R/DifferentialRegulation_bulk.R

Defines functions DifferentialRegulation_bulk

Documented in DifferentialRegulation_bulk

#' Discover differentially regulated genes from bulk RNA-seq data
#'
#' \code{DifferentialRegulation_bulk} identified differentially regulated genes between two conditions 
#' (e.g., healthy vs. disease or treated vs. untreated) in each cluster of cells.
#' Parameters are inferred via Markov chain Monte Carlo (MCMC) techniques and a differential testing is performed 
#' via a multivariate Wald test on the posterior densities of the group-level US (Unspliced, and Spliced) 
#' counts relative abundance.
#' 
#' @param SE a \code{SummarizedExperiment} object, computed via \code{\link{load_bulk_US}}.
#' @param EC_list a \code{list}, computed via \code{\link{load_bulk_EC}}.
#' @param design a \code{\linkS4class{data.frame}} indicating the design of the experiment with one row for each sample;
#' 'design' must contain a column with the sample id and one with the group id.
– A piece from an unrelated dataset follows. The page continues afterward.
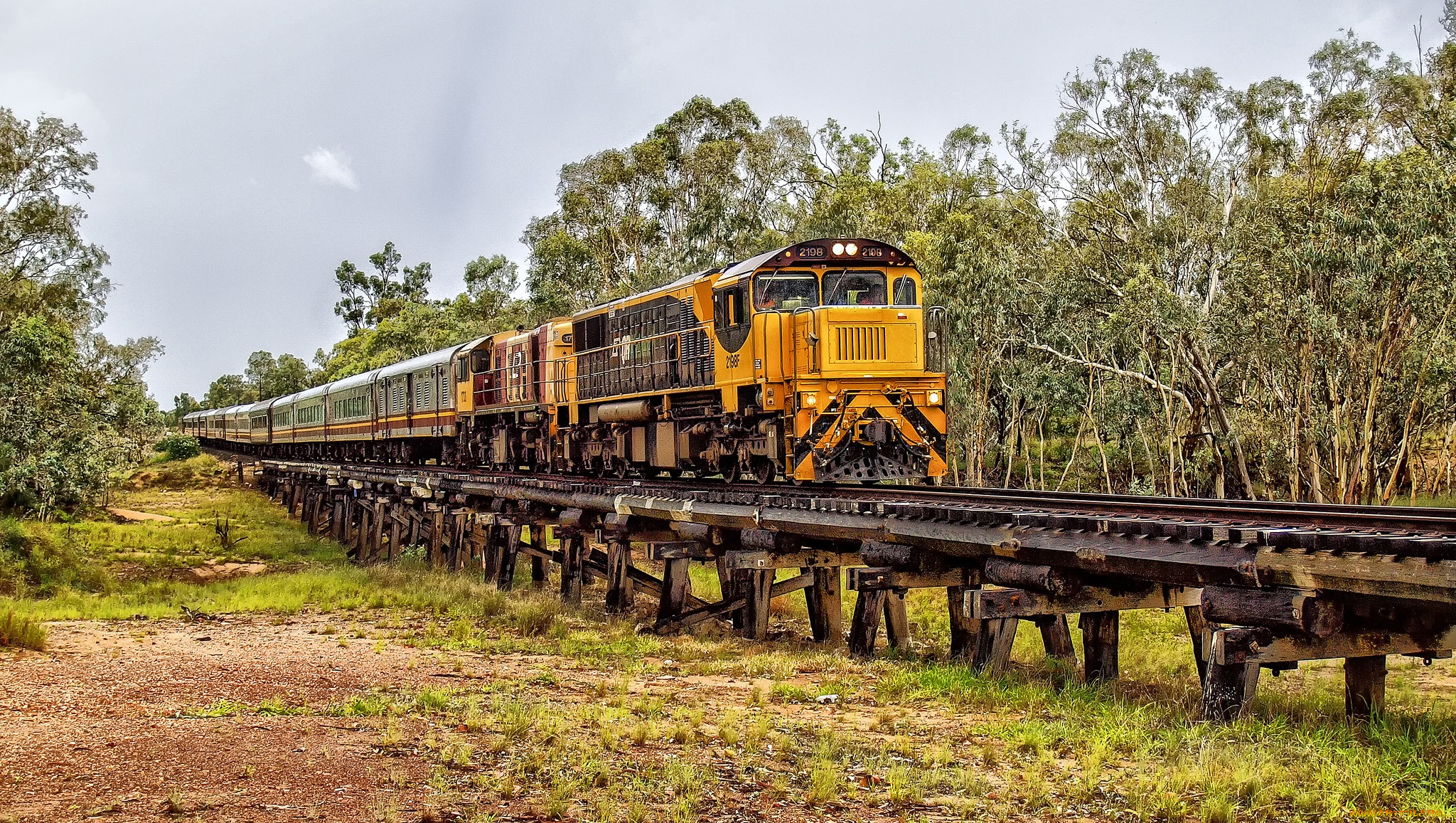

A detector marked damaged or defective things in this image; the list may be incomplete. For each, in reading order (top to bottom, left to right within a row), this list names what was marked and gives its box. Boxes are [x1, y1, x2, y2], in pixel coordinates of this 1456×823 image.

rusty bridge timber [239, 455, 1456, 726]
#' @param sample_col_name a character ("sample" by default), indicating the column name of the 'design' element which stores the sample id.
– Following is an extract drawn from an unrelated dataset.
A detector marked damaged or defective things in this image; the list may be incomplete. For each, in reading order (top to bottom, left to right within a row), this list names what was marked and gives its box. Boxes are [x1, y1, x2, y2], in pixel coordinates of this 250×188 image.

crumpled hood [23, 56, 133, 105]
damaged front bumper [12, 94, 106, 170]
#' @param group_col_name a character ("group" by default), indicating the column name of the 'design' element which stores the group id.
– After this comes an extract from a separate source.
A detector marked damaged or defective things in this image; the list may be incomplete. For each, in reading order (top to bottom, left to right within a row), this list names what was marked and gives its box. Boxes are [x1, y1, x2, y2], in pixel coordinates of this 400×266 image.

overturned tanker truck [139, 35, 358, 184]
#' @param min_counts_per_transcript_per_group minimum number of counts per transcript, across all samples in a group
#' Only genes with at least 'min_counts_per_transcript_per_group' counts in both groups of samples will be analyzed.
#' @param min_counts_ECs equivalence classes (ECs) filter.
#' 'min_counts_ECs' indicates the minimum number of counts (across all cells in a cell cluster) for each equivalence class;
#' by default all ECs are considered (min_counts_ECs = 0).
#' ECs with less or equal than 'min_counts_ECs' will be discarded.
#' Increasing 'min_counts_ECs' will marginally decrease computational cost computational at the cost of a marginal loss in performance.
#' @param n_cores the number of cores to parallelize the tasks on.
#' Note that only a minor part of the function runs in parallel (i.e., the prior for the dispersion),
#' while most of the function does not (e.g., the MCMC).
#' @param N_MCMC the number of iterations for the MCMC algorithm (including burn-in). Min 2*10^3.
#' If our algorithm does not converge (according to Heidelberger and Welch's convergence diagnostic), 
#' we automatically double N_MCMC and burn_in, and run it a second time (a message will be printed on screen to inform users).
#' @param burn_in the length of the burn-in; i.e., the initial part of the MCMC chain to be discarded (before convergence is reached).
#' Min 500.
#' If no convergence is reached, the 'burn_in' is automatically increased (up to N_MCMC/2) according to 
#' the convergence detected by Heidelberger and Welch's convergence diagnostic.
#' If our algorithm does not converge even after increasing the burn-in, 
#' we automatically double N_MCMC and burn_in, and run it a second time (a message will be printed on screen to inform users).
#' @param undersampling_int the undersampling of the latent variables.
#' While model parameters are sampled at each iteration,
#' RNA-seq counts are allocated to their transcript (and spliced/unspliced) version of origin,
#' every `undersampling_int` iterations.
#' Increasing `undersampling_int` will decrease the runtime, but may marginally affect performance.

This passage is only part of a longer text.